◆ TASK OBJECTIVE
Reproduce, word for word, the lines in the material below starting with the one that has "Wuyi Xiongchang ( the" and going on through the one that has "30MM - 1/144". Leave out all pictures.

#### DATA EXCERPTS

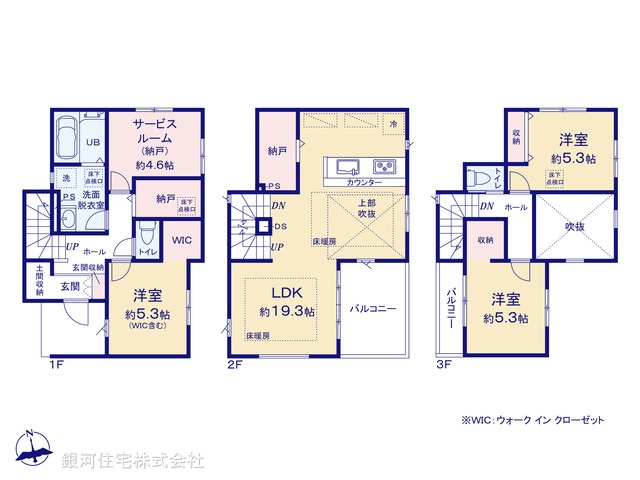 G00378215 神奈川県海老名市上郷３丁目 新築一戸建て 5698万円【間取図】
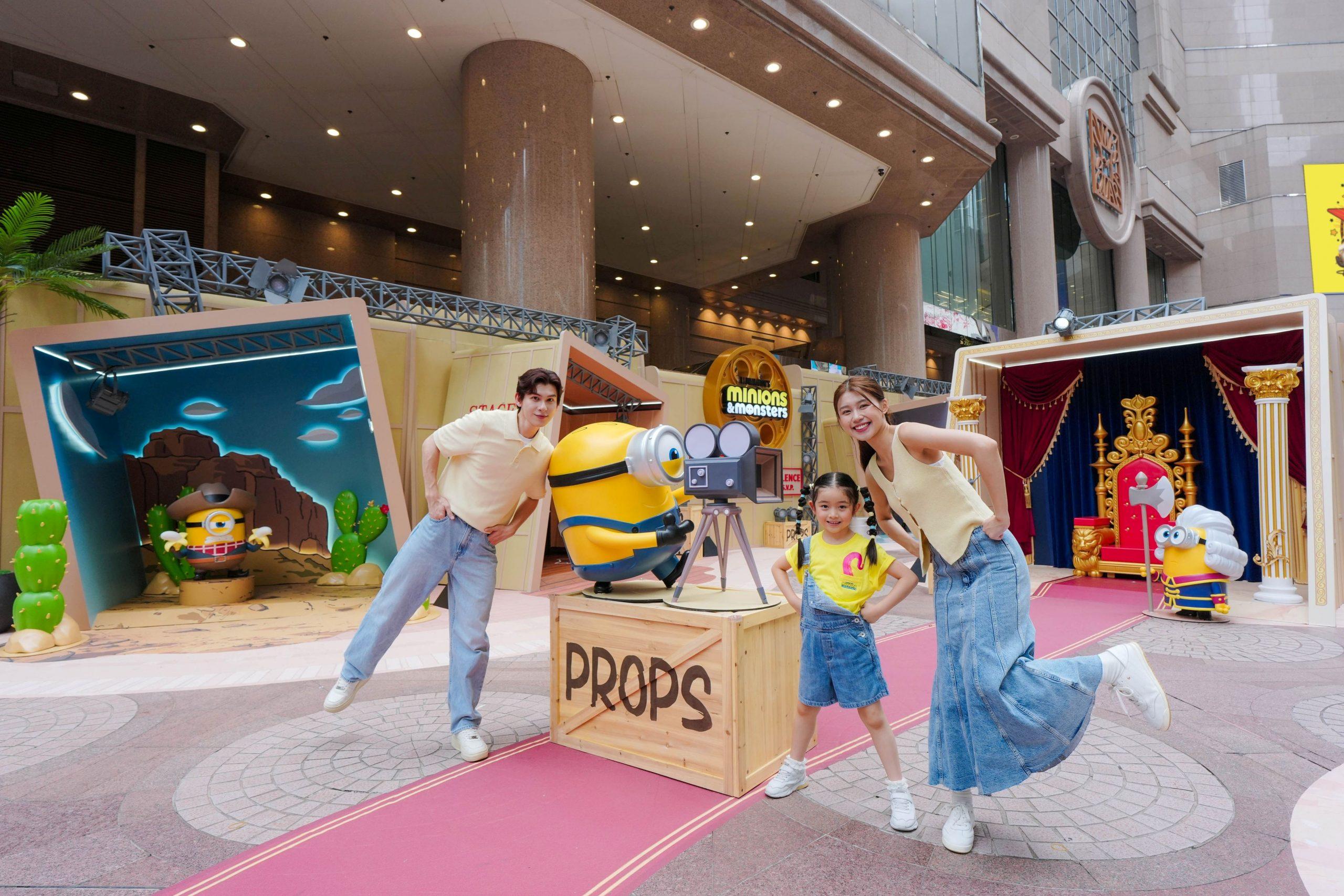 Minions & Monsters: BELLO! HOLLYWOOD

########
#### DATA EXCERPTS

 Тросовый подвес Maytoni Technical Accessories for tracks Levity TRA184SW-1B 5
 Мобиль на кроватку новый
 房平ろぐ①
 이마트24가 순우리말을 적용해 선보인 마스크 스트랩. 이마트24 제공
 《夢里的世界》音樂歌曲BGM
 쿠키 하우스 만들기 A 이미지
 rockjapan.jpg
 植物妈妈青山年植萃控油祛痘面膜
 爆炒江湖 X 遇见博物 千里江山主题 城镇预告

########
#### DATA EXCERPTS

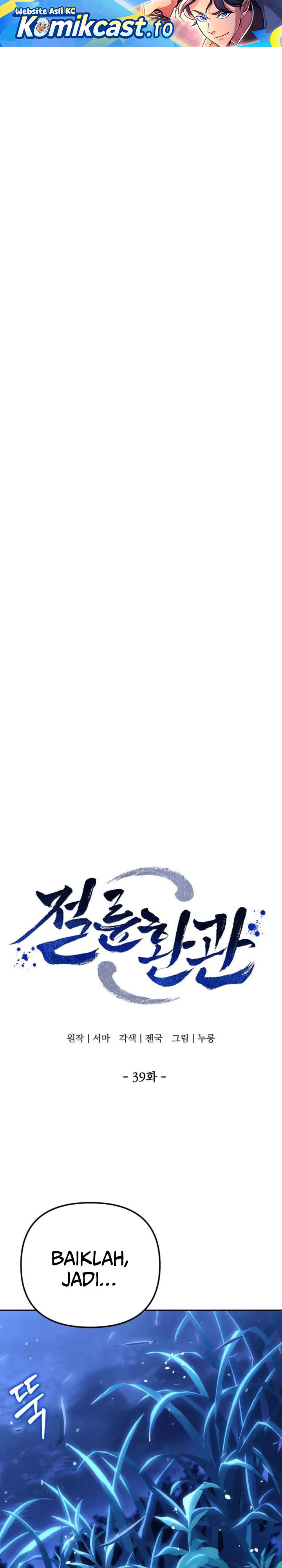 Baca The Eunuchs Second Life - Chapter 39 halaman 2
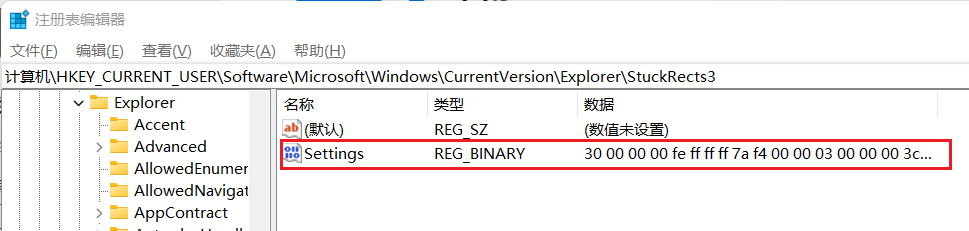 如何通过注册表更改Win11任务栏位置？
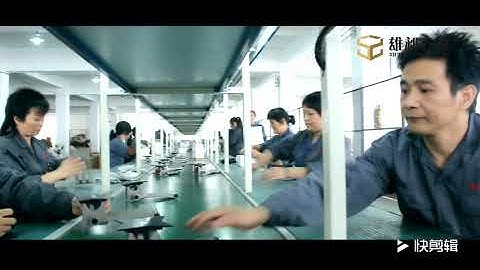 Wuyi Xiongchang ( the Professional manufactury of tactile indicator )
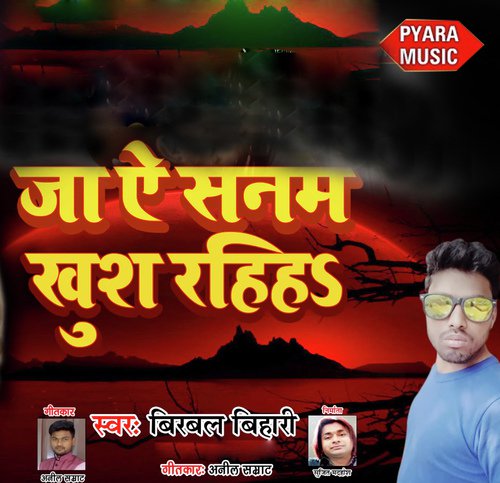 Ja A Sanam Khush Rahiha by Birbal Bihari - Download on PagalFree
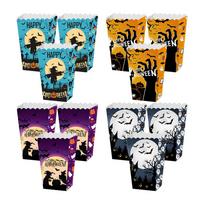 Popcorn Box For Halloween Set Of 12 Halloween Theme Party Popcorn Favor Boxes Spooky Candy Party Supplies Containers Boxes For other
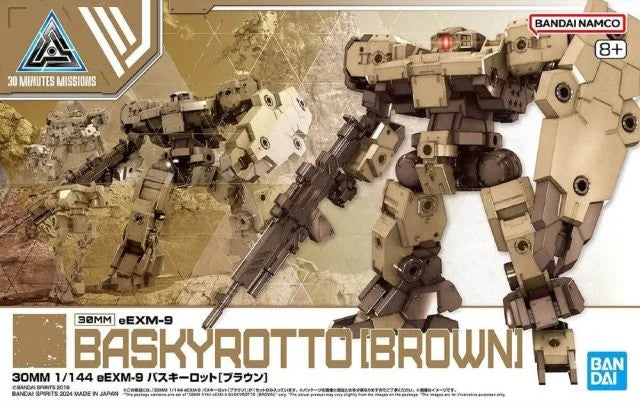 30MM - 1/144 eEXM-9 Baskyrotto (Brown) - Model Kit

########

◆ ANSWER BOX
 Wuyi Xiongchang ( the Professional manufactury of tactile indicator )
 Ja A Sanam Khush Rahiha by Birbal Bihari - Download on PagalFree
 Popcorn Box For Halloween Set Of 12 Halloween Theme Party Popcorn Favor Boxes Spooky Candy Party Supplies Containers Boxes For other
 30MM - 1/144 eEXM-9 Baskyrotto (Brown) - Model Kit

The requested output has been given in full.